Task prompt =>
Starting at the first line of the material below, retype each line exactly until you reach the line with "30 July 2016;", which is also included; pictures stay out.

Input material =>
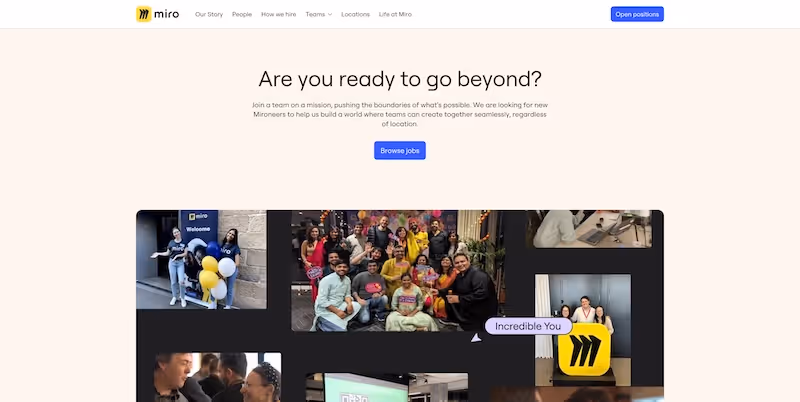 Screenshot of the official career page of Miro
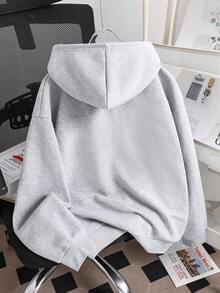 Tween Boy Cartoon Animal Print Warm Sweatshirt - Grey - View 2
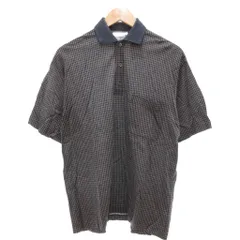 エルメネジルドゼニア Ermenegildo Zegna ヴィンテージ ポロシャツ チェック柄 半袖 50 ダークグレー /AEのサムネイル
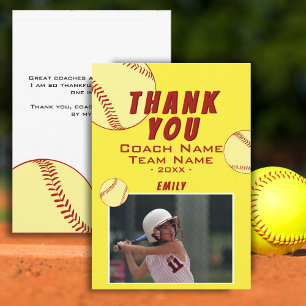 Remerciements Carte de remerciement pour l'entraîneur de softbal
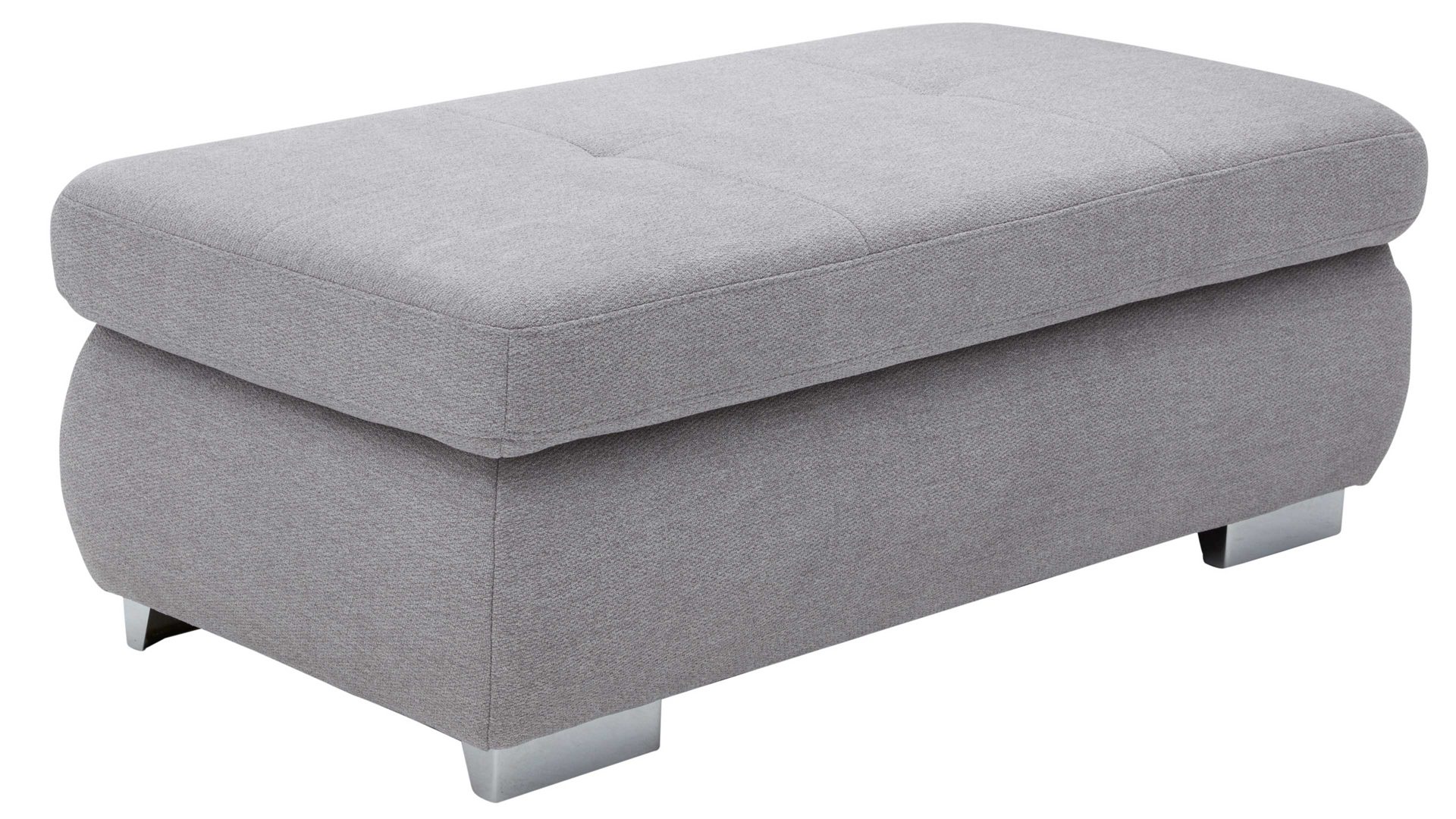 Polsterhocker modulmaster aus Stoff in Hellgrau Modulmaster MM-MP1044 - XXL-Hocker silberfarbene Chenille Calido & Metallfüße - ca. 129 x 64 cm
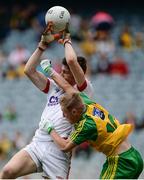 30 July 2016; Mark White of Cork in action against Nathan Boyle of Donegal during the Electric Ireland GAA Football All-Ireland Minor Championship Quarter-Final match between Donegal and Cork at Croke Park in Dublin. Photo by Oliver McVeigh/Sportsfile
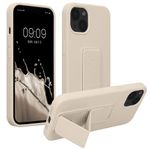 Laptop, Telefoane si Tablete - Telefoane mobile si accesorii - Accesorii Telefoane - Huse telefoane - Husa Kwmobile pentru iPhone 13, functie stand, silicon, bej, curea de mana - Infinity.ro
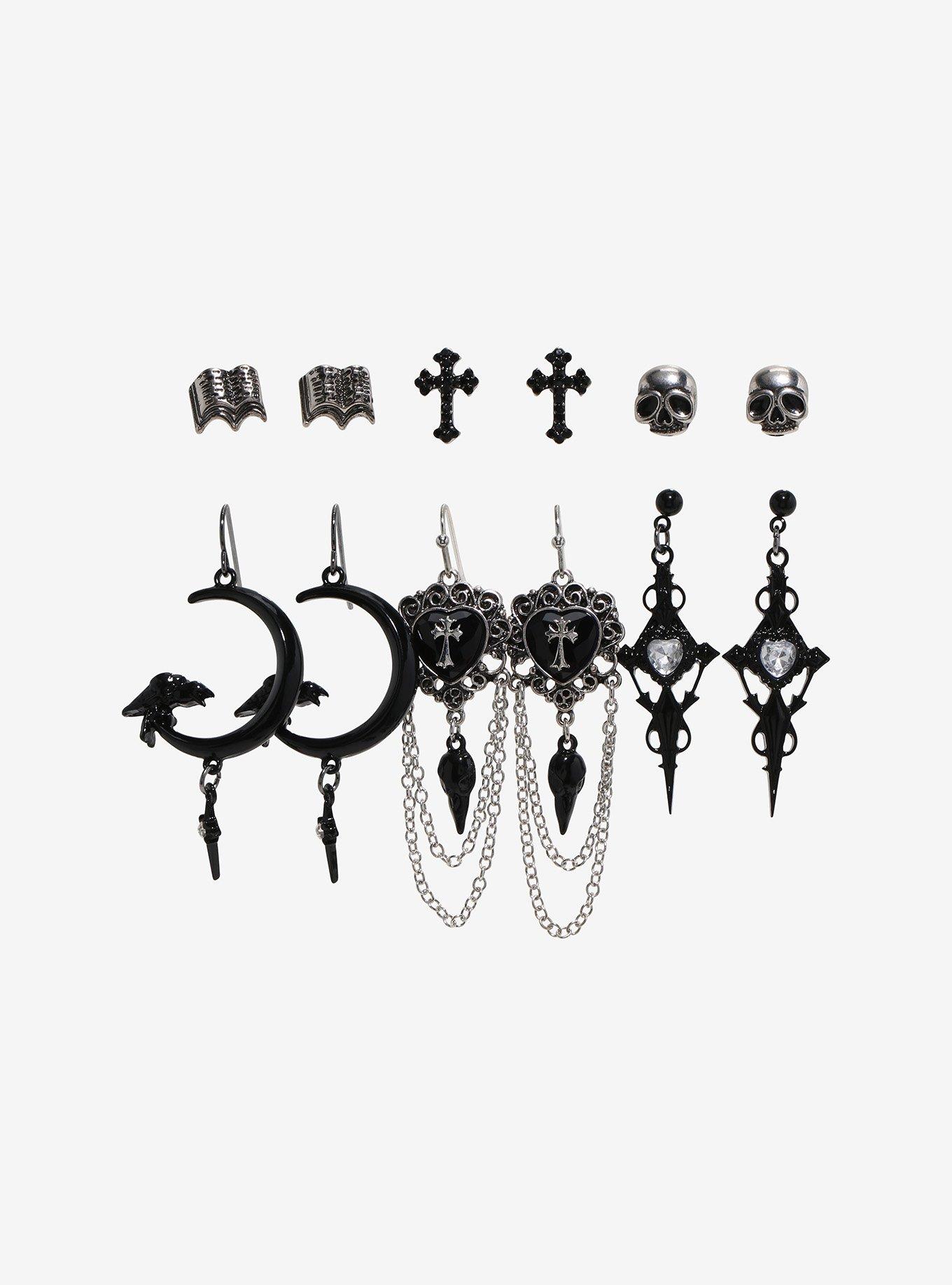 Cosmic Aura Gothic Cross Raven Earring Set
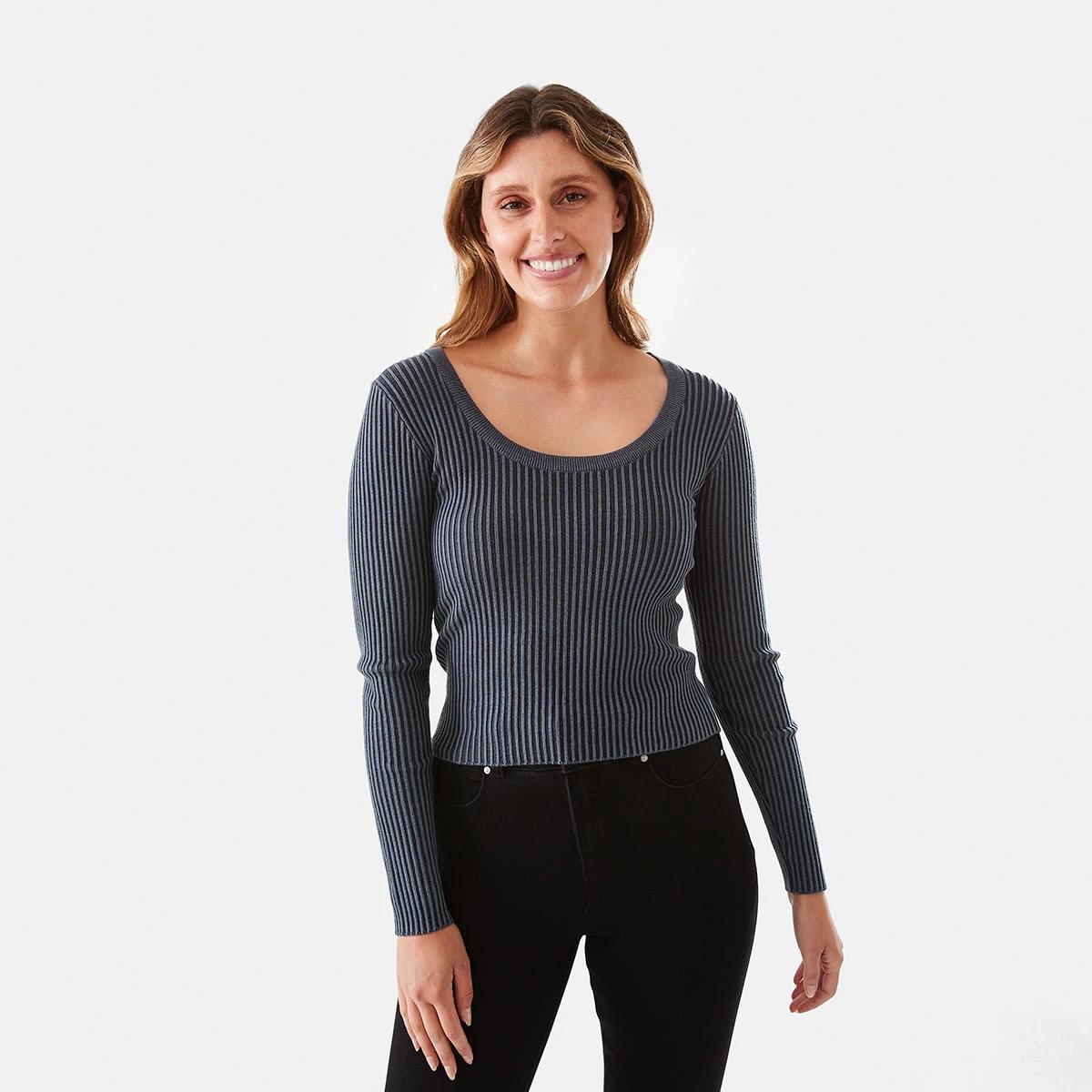 1 Long Sleeve True Knit Scoop Neck Top Vntg Ind, 1 of 6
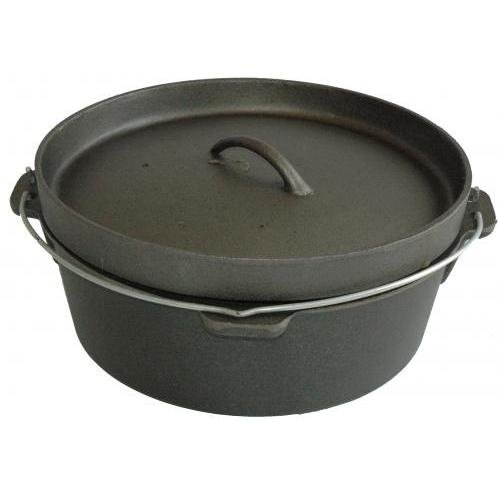 Cajun Cookware Pots Without Legs 4.5 Quart Cast Iron Camp Pot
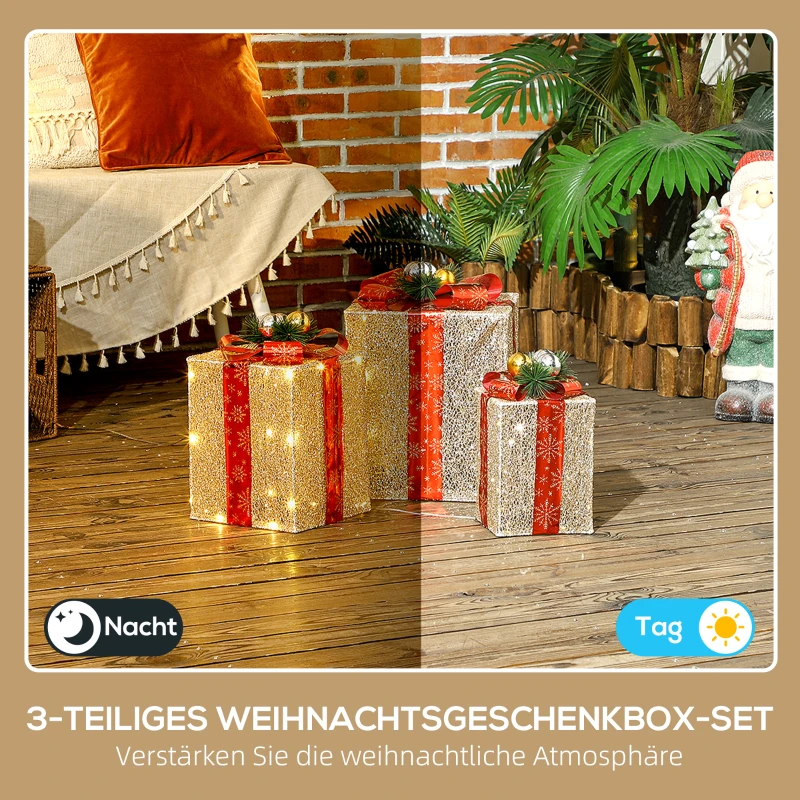 Outsunny 3-delige Kerstdecoratie Geschenkdozenset voor Binnen- en Buitendecoratie, met 58 LED-lampjes, Goudtint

Your solution =>
 Screenshot of the official career page of Miro
 Tween Boy Cartoon Animal Print Warm Sweatshirt - Grey - View 2
 エルメネジルドゼニア Ermenegildo Zegna ヴィンテージ ポロシャツ チェック柄 半袖 50 ダークグレー /AEのサムネイル
 Remerciements Carte de remerciement pour l'entraîneur de softbal
 Polsterhocker modulmaster aus Stoff in Hellgrau Modulmaster MM-MP1044 - XXL-Hocker silberfarbene Chenille Calido & Metallfüße - ca. 129 x 64 cm
 30 July 2016; Mark White of Cork in action against Nathan Boyle of Donegal during the Electric Ireland GAA Football All-Ireland Minor Championship Quarter-Final match between Donegal and Cork at Croke Park in Dublin. Photo by Oliver McVeigh/Sportsfile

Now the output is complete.